Shares of British fintech company Wise took a sharp downturn on Thursday, June 13, following its announcement of lowered revenue growth projections for the upcoming fiscal year.
According to CNBC, Wise's stock plummeted by 10% at its lowest point, recovering slightly to a 9.8% drop by midday London time.
Known for its cost-effective international money transfer services, Wise disclosed that it anticipates a modest underlying income growth of 15-20% for the fiscal year ending March 2025. This forecast pales in comparison to the 31% growth achieved in the preceding fiscal year, amounting to £1.2 billion ($1.53 billion).
Why Wise Lowered their Growth Expectations
Wise adjusted its growth expectations downwards due to deliberate price cuts aimed at improving competitiveness and retaining more customers.
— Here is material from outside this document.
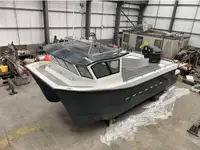 Catamarán en venta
Despite a substantial increase in pre-tax profit by 226% to £242 million ($260 million), Wise maintained a strong profit margin of 21%.
Financial analysts at Jefferies expressed initial disappointment with Wise's revised earnings guidance, emphasizing that the forecasted income growth of 15-20% falls 2% short of consensus estimates.
Nevertheless, Jefferies recognized the potential long-term benefits of Wise's pricing strategy, foreseeing enhanced investor confidence in the company's medium-term growth trajectory.
Wise ended the 2023 fiscal year with a 29% rise in active customers, reaching 12.8 million, conducting cross-border transactions amounting to £118.5 billion, indicating a commendable 13% annual increase.